Bank verweigert Zugriff und Auskunft des Betreuers über Gemeinschaftskonto

  • Der Betroffene hat ausschließlich Gemeinschaftskonten mit seiner Ehefrau. Es ist nun ein ehrenamtlicher Dritter als Betreuer mit VS bestellt. Die deutsche Großbank verweigert jeden Zugriff durch den Betreuer auf die Konten, mit der Begründung, dass es Gemeinschaftskonten sind und er (derzeit) nur für den Ehemann zum Betreuer bestellt ist.

    Bin etwas ratlos und würde dem Betreuer gerne irgendwas Handfestes an die Hand geben, finde aber dazu nichts, außer natürlich, dass er im Rahmen seiner Vertretungsmacht freilich für den Betroffenen handeln und auch auf die Gemeinschaftskonten zugreifen darf.

    Habt ihr irgendwelche Tipps oder gar Rechtsprechung zu dem Problem der sich querstellenden Bank?

  • Wenn es sich um ein Oder-Konto handelt, muss die Bank die alleinige Verfügung durch den Betreuer zulassen, während der Betreuer bei einem Und-Konto nur zusammen mit dem anderen Kontomitinhaber verfügen kann. Dagegen ist auch bei einem Und-Konto eine alleinige Verfügung durch jeden Kontomitinhaber möglich, wenn sich beide gegenseitig bevollmächtigt haben.

    Das ist rechtliches Grundwissen und es ist erschütternd, dass einer Großbank die erforderlichen Kenntnisse nicht zur Verfügung stehen.

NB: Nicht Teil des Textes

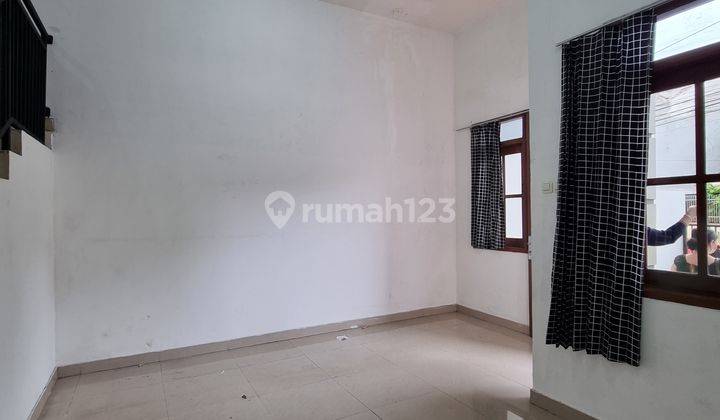 Rumah 2,5 lt taman palem lestari KT 4+1 km 3 siap huni rapi bagus 9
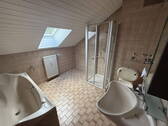 Helles Badezimmer - 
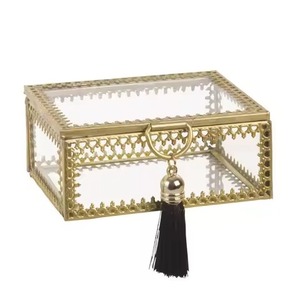 Boîte à bijoux en métal écologique avec un design moderne et des accents luxueux, personnalisable pour ranger les bagues, les bracelets, les boucles d'oreilles - Product Image 1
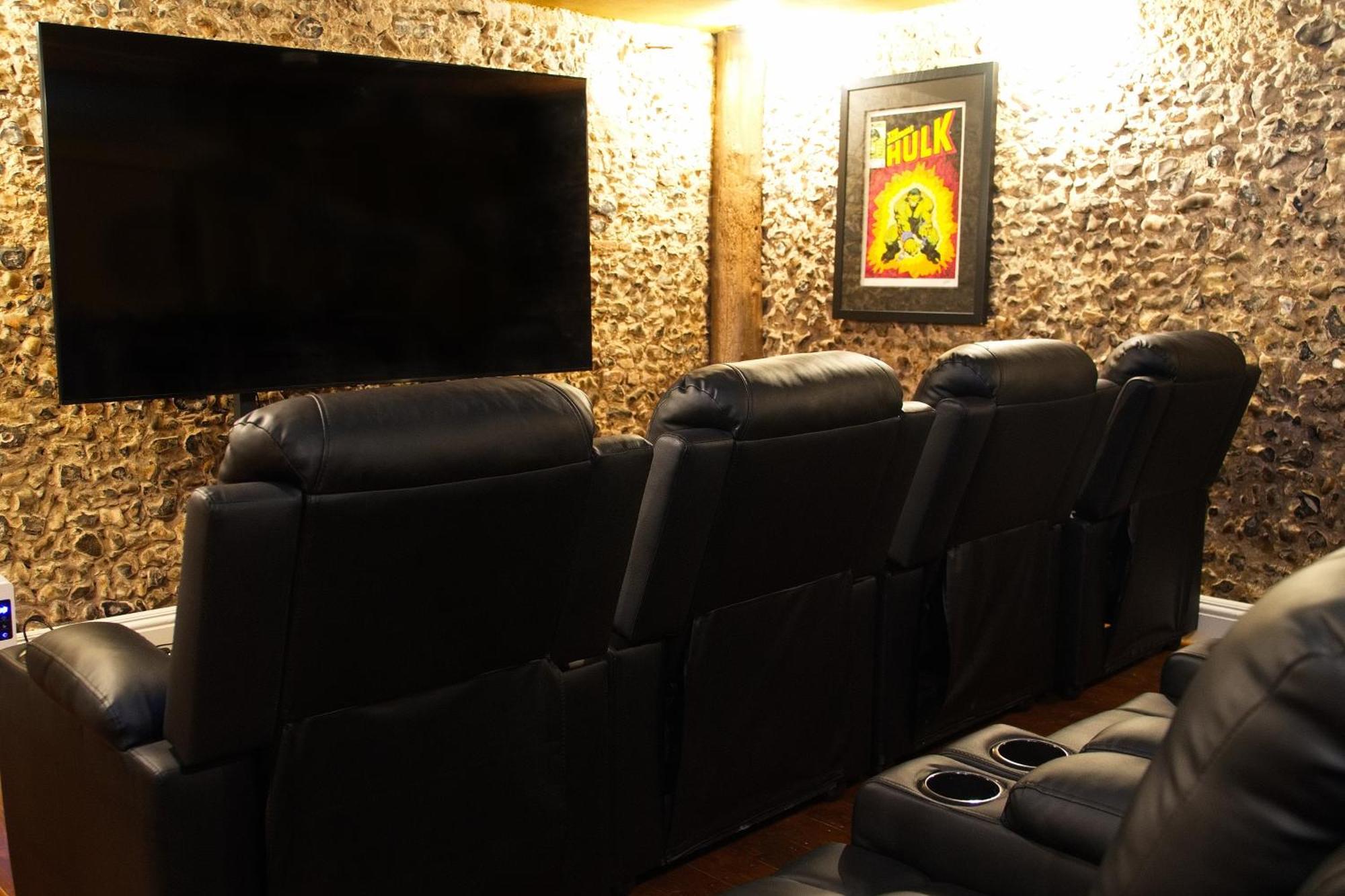 Huge Deluxe 600 Year Old Essex Manor, Hot Tub, Cinema Room, Sky Tv 萨弗伦沃尔登 外观 照片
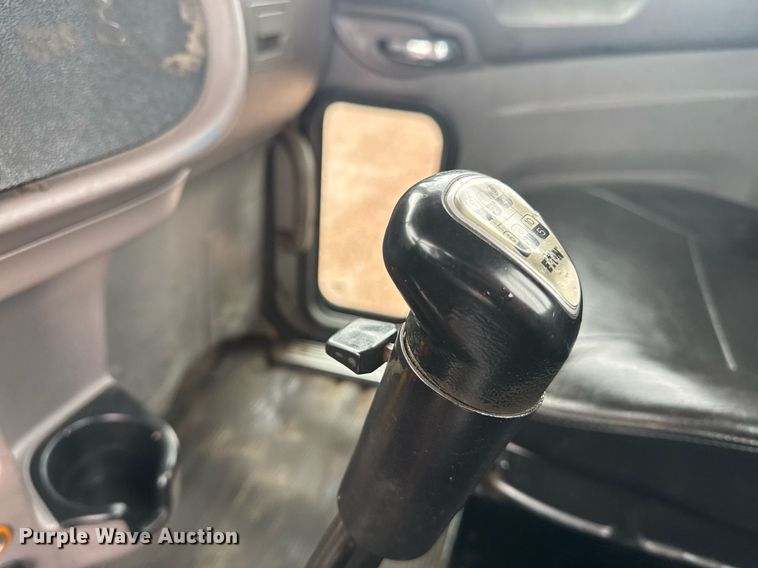 image for item DY6975 2017 Peterbilt 365 semi truck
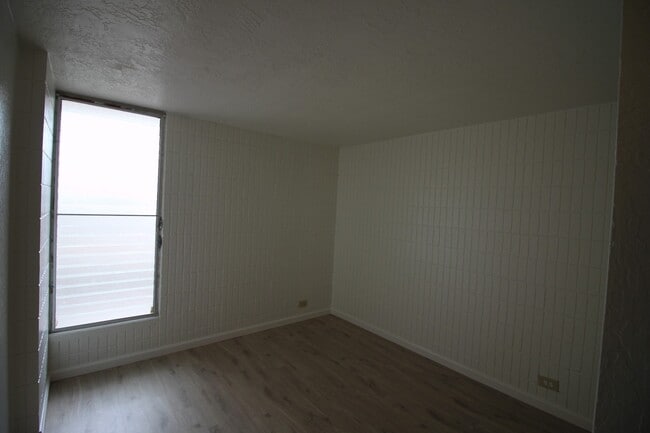 Building Photo - 2 bed, 1 bath, 1 parking Unit available in...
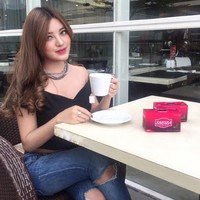 Dengan kecantikannya, tak heran banyak perusahaan yang tertarik untuk mengajak Tanaya Alyssia berkolaborasi. (Foto: Instagram)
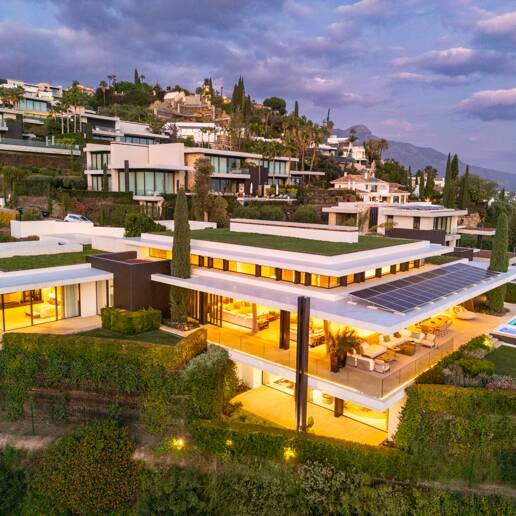 Moderne Luxusvilla mit Panoramablick auf das Meer in La Quinta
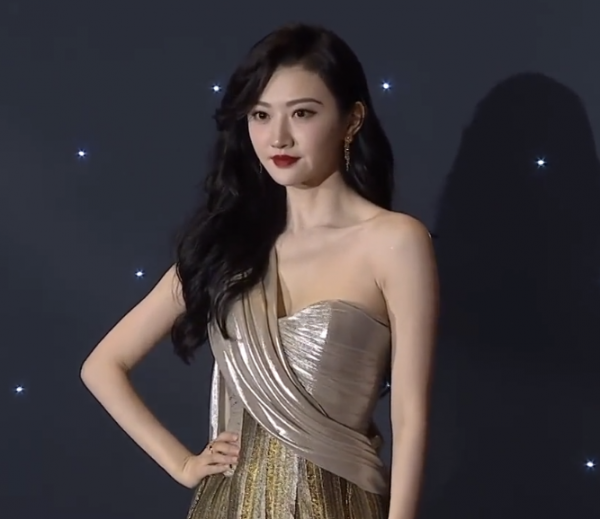 初見驚為天人,再見臉僵如石!這10位女星的臉,到底怎麼了 初見驚為天人,再見臉僵如石!這10位女星的臉,到底怎麼了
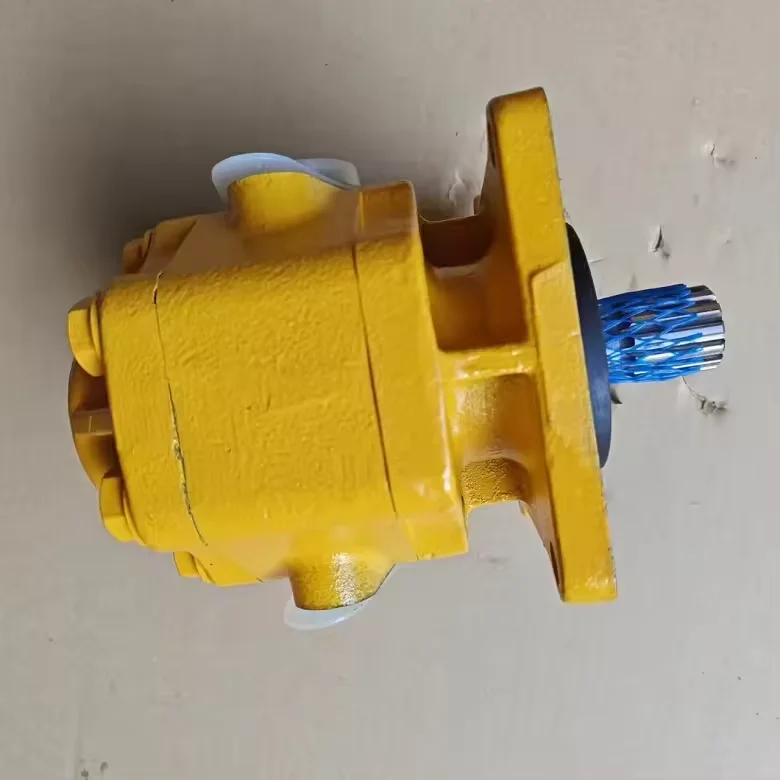 Construction Machinery Parts Excavator Oil Single Pump 07433-71103 For Komatsu D85/D155-1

  • Viel machen können wir als Betreuungsgericht nicht - ich würde dem Betreuer einen saftigen Brief schreiben, ihm in klaren Worten die Rechtslage mitteilen und den Klageweg empfehlen. Das Schreiben so formulieren, dass der Betreuer es der Bank vorlegen kann. Vielleicht hilft das.

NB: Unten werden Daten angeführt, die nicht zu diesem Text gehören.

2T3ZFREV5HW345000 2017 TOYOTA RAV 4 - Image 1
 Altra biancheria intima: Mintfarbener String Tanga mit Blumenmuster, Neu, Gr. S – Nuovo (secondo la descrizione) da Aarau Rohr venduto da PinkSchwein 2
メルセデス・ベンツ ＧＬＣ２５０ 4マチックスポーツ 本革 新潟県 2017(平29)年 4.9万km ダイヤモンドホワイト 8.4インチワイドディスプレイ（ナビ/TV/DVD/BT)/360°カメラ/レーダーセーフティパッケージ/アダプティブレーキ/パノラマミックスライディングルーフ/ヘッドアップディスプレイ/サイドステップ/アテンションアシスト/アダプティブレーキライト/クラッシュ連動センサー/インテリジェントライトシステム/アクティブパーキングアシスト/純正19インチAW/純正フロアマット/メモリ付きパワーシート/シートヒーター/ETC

    * Was schert´s die Eiche, wenn das Schwein sich an ihr reibt! *

  • Ich würde ihm die Rechtslage eher nicht mitteilen, das wäre unzulässigerweise Rechtsberatung und nicht durch §§ 1908i Abs. 1, 1837 BGB abgedeckt.

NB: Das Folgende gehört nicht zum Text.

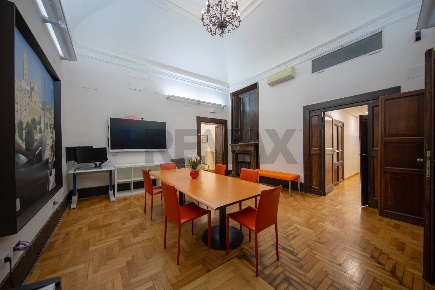 Foto Ufficio in Via Dei Lucchesi 29, Roma Trevi di 300 m² con 7 locali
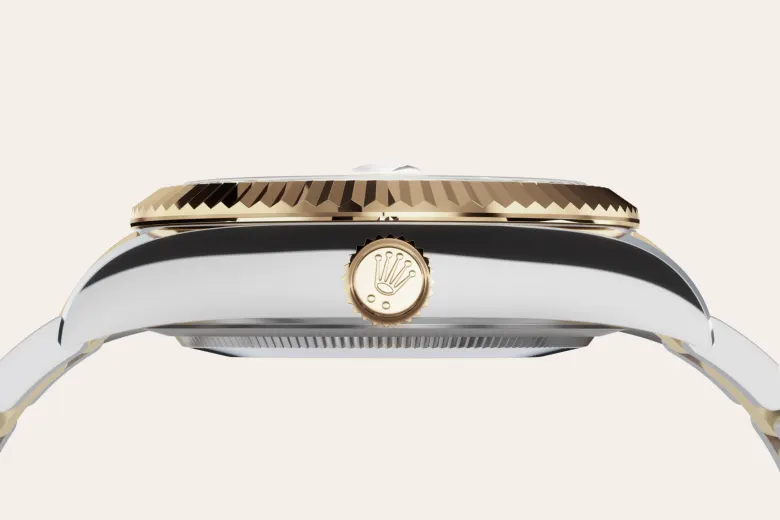 m336933-0001--060 -Imported from http://www.thehourglass.com/wp-content/uploads/sites/15/2018/06/PP2.jpg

    Es handelt sich um ein Vertragsproblem zwischen Bank und Kunden. Dem Betreuer sollte m.E. angeraten werden, im Namen des Betreuten einen rechtlichen Beistand aufzusuchen, ggf. im Wege der Beratungshilfe (sofern seine Aufgabenkreise dies zulassen)

  • Ich möchte Dir nicht zu nahe treten, aber ich habe wirklich selten einen solchen Unsinn gelesen.

    Ich habe in solchen Fällen immer einen gepfefferten Brief an die Bank geschrieben und zwar an Schmidt und nicht an Schmidtchen.

    Hat immer funktioniert.

  • Das mag hier off-topic sein, aber Felix: Was wäre denn dann deiner Ansicht nach noch von §1837 BGB gedeckt?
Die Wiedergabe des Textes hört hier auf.